EXERCISE GOAL: Retype the line in which "C0982B Cable, parking brake" appears, then every line after it until the records end. Leave out the pictures.

DATA FOR REVIEW: Begin

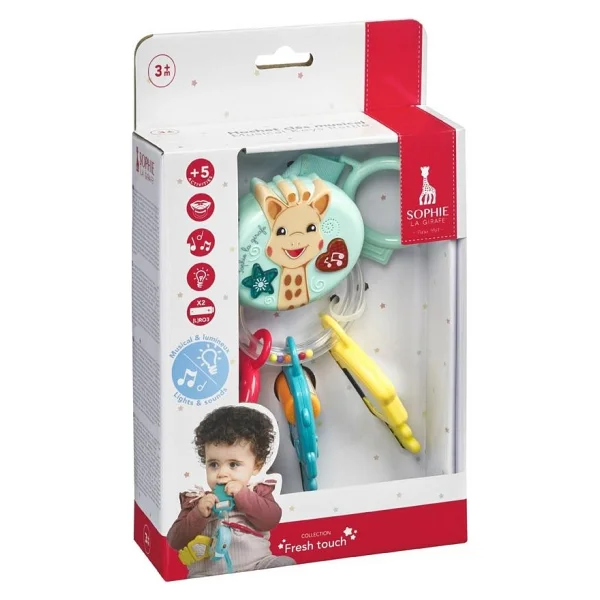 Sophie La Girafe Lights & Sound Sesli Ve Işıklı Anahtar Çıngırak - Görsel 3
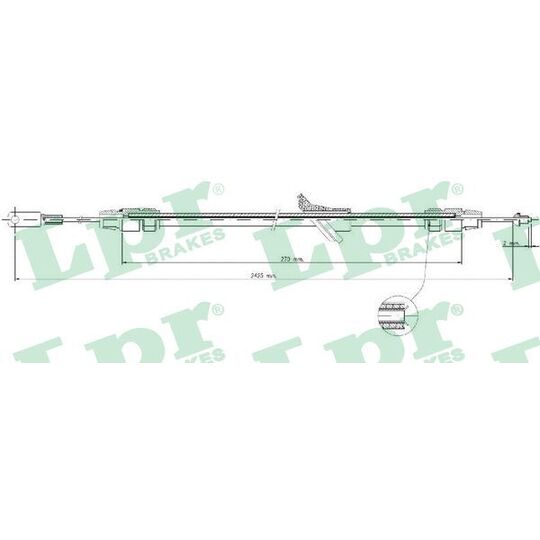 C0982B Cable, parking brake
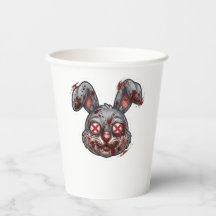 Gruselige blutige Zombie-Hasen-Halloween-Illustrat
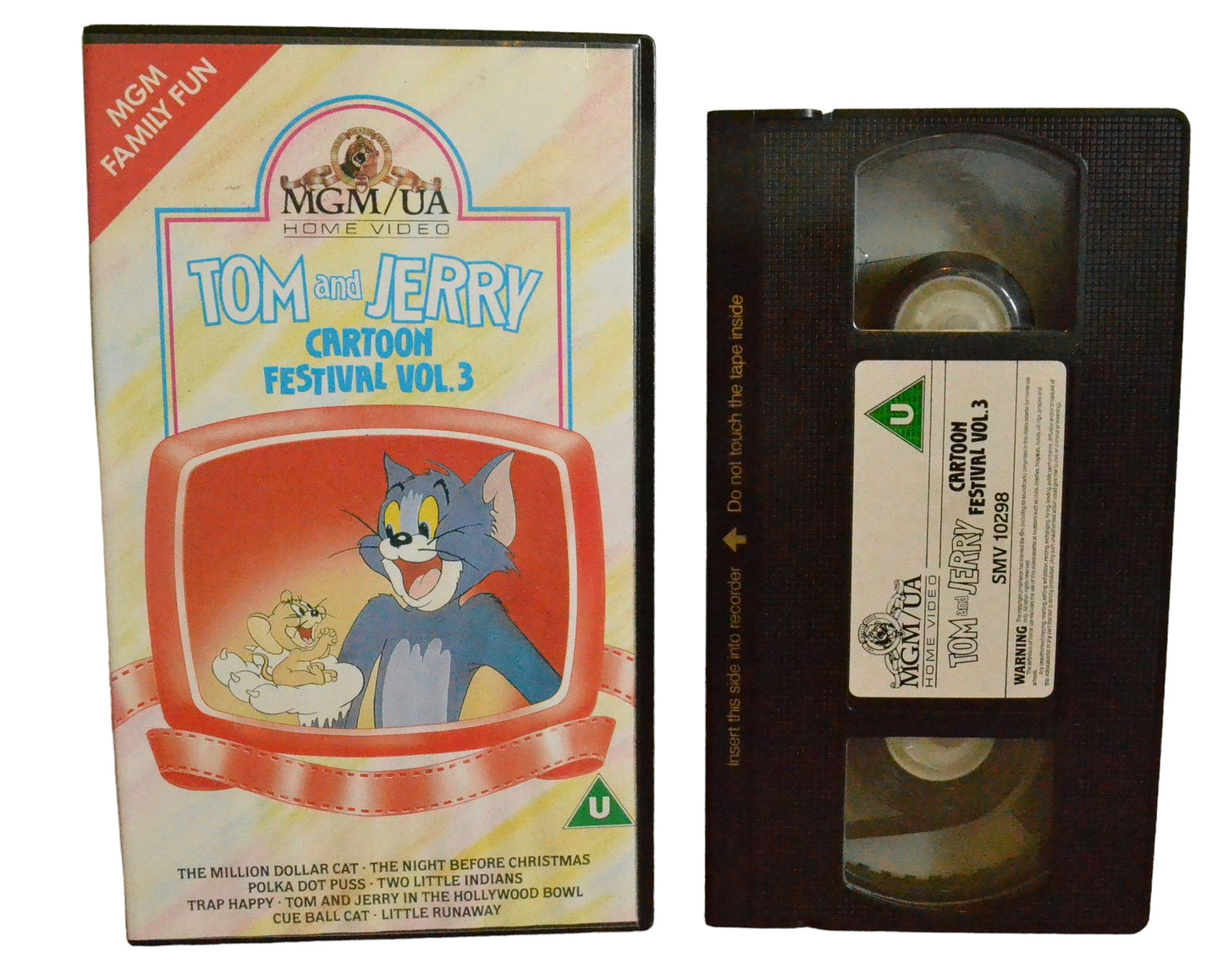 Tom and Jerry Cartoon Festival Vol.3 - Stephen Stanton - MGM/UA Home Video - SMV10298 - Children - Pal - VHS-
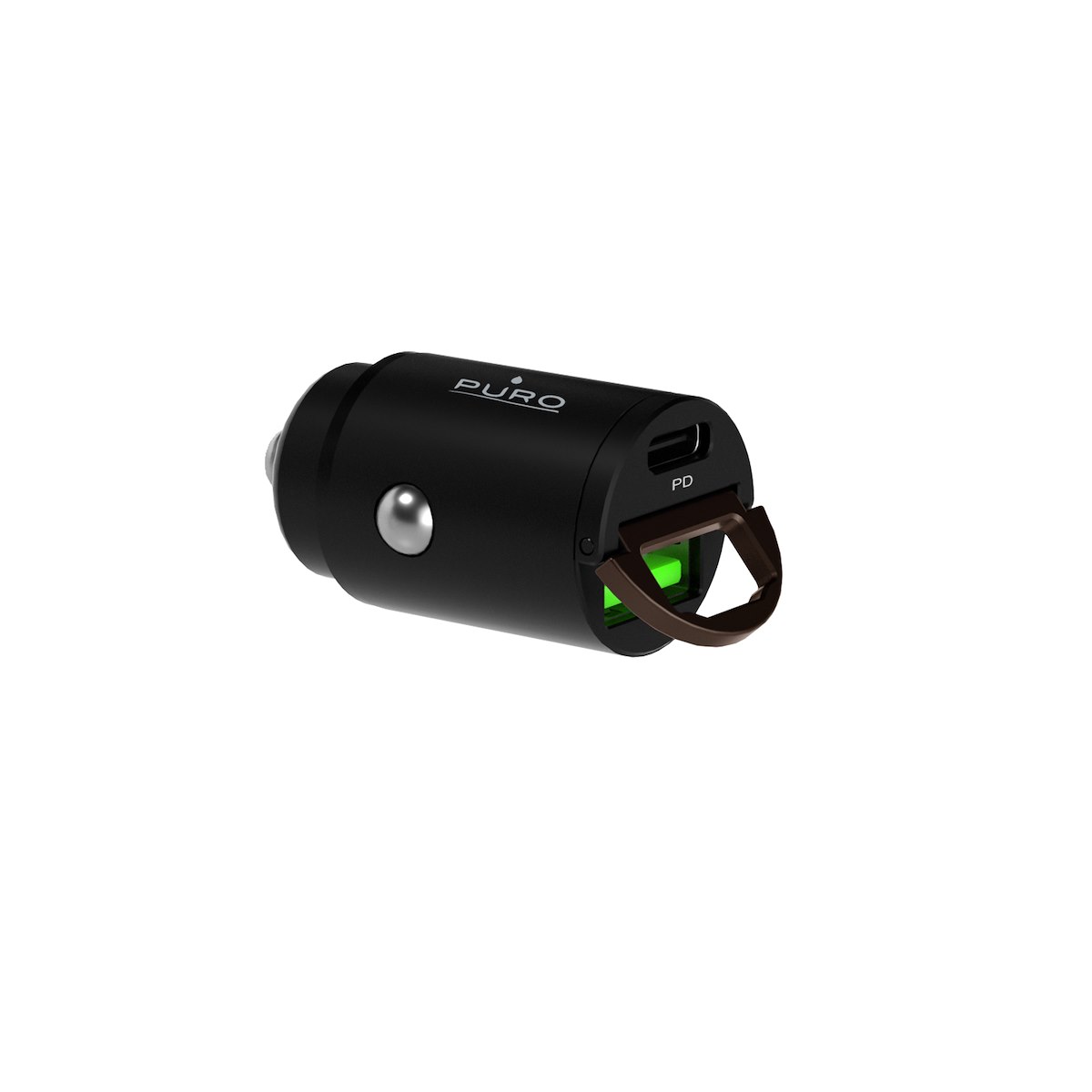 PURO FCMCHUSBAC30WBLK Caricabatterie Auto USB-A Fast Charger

DATA FOR REVIEW: End

WRITTEN ANSWER:
 C0982B Cable, parking brake
 Gruselige blutige Zombie-Hasen-Halloween-Illustrat
 Tom and Jerry Cartoon Festival Vol.3 - Stephen Stanton - MGM/UA Home Video - SMV10298 - Children - Pal - VHS-
 PURO FCMCHUSBAC30WBLK Caricabatterie Auto USB-A Fast Charger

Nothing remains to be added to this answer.